5 ways to Increase Statistical Power

Statistical Power in A/B testing visualized

Alison Yuhan Yao
Towards Data Science

--

In Data Science, we often need to run A/B tests and interpret the results using statistical power. In the blog, I will explain what power is and how to increase power using visualization. And I emphasize that these methods have nothing to do with p-hacking.

Before we start, I’m assuming you have some basic knowledge about:

  1. Hypothesis Testing (p-value)
  2. Type I and Type II errors, or false negative and false positive

What is Power

In a binary hypothesis test, either the null hypothesis H0 is true, or the alternative hypothesis HA is true. Typically, we set the null as not having any effect or things staying the same, such as two means being the same (mu1 = mu2). And we set the alternative hypothesis as having some sort of effect or things change after you introduce a variable into the experiment, such as two means are not the same (mu1 ≠ mu2).
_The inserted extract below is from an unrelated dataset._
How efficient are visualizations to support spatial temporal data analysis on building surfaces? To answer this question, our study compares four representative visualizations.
And for us testers, we don’t want H0 to be true. We don’t want to go through all the trouble implementing tests only to find out the variables we introduced are useless. Instead, we care about HA being true because we want to find significant variables, so we need to care about the probability that we are right: the probability that we reject H0 and therefore accept HA when HA is indeed true. And that is called statistical power, your ability to detect an effect when it is there.

Image by Author

In this graph, we visualize power in darker green. In a hypothesis test, we always determine the alpha value beforehand, which is usually set at 0.05, so the Type I error rate is set in stone before we even begin the test. Then, we can calculate the minimum critical value we need to reject H0. We can draw a line from the null hypothesis distribution down to the alternative hypothesis distribution and separate the area under curve into two pieces. If our calculated t or z value falls on the left of the dashed line, we fail to reject H0 when HA is true and we make a Type II error. If the calculated value falls on the right, we reject H0 when HA is true and we make the right call. Therefore, the area on the right of the curve is our power.
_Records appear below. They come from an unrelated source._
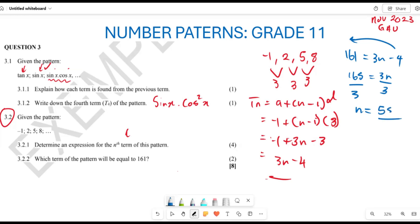So it is term number 55 that is equivalent to 161. I am hoping that this type of question makes sense to you and that you are in a position to answer all such questions whenever given. Thank you very much for listening.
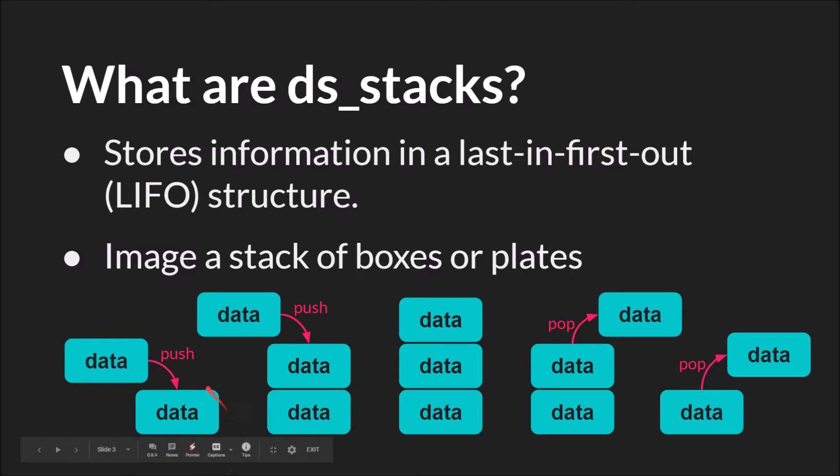So here, let's say that our stack had one piece of data. You can think of this as one box or one book, and you want to push more data onto it. When you push the data, now there are two things stacked up.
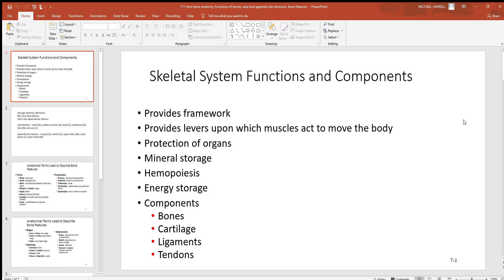Let's get started with the skeletal system and look at some of the basics. Starting with the functions of your skeletal system: number one, framework. This is what gives you the overall structure of your body. Bone is the hardest, densest tissue you have. All the other softer tissues are attached to it, so this generally gives us the framework of our body.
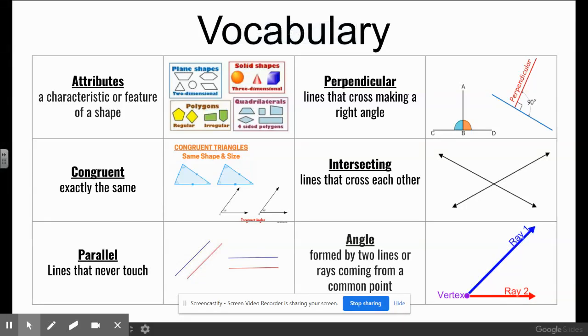Last week I mentioned that this week we would be working on geometry, specifically quadrilaterals in a hierarchy.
Please note that we only talk about power when HA is true. If unfortunately, H0 is true and there is no effect whatsoever, no amount of power is going to help us. As you can see in the graph, when H0 is true, we deal with alpha only. But in real life, we have no idea if H0 or HA is true and we cannot change the ground truth. All we can control is to reject or not reject H0 while hoping HA is true. Despite that, we still want to increase our statistical power, so that we have the best chance of detecting an effect when it is indeed there.

How to Increase Power

Let’s take a closer look at the visualization and understand what kind of information we know in the graph.

Image by Author

We know before start: (1) alpha level, (2) whether we use a 1-tailed or a 2-tailed test, (3) shape of the distribution (t or z). After doing the test, we know: (4) sample size, (5) means of the distributions M0 and MA (or the difference between them), (6) standard deviation of the distributions and therefore (7) standard error (SE) and (8) min critical value, aka the value of dashed line X (using M0, min critical value and SE).

An example can be testing if doing every SAT question in a practice book actually makes a difference. The population mean for SAT is M0 = 500 and population SD = 100. Since we know the population mean, we can use a z distribution. We can set the test as 2-tailed (alpha = 0.05) as usual. Now, we do our test and check the test data. Let’s say N = 100, mean for the HA distribution is MA = 530. Since we assume the two distributions are the same, we can calculate that SE = SD/√N = 100/√100 = 10 and therefore X = z_crit * SE + M0 = 1.96 (we know that from a z table) * 10 + 500 = 519.6. Okay, now we are finally ready to calculate the power. The critical value for HA distribution is z_crit2 = (X-MA )/SE = (519.6-530)/10 = -1.04. We can check the z table and see that the corresponding p(x ≤ -1.04) = 0.1492, so the power is 1-0.1492 = 0.8508.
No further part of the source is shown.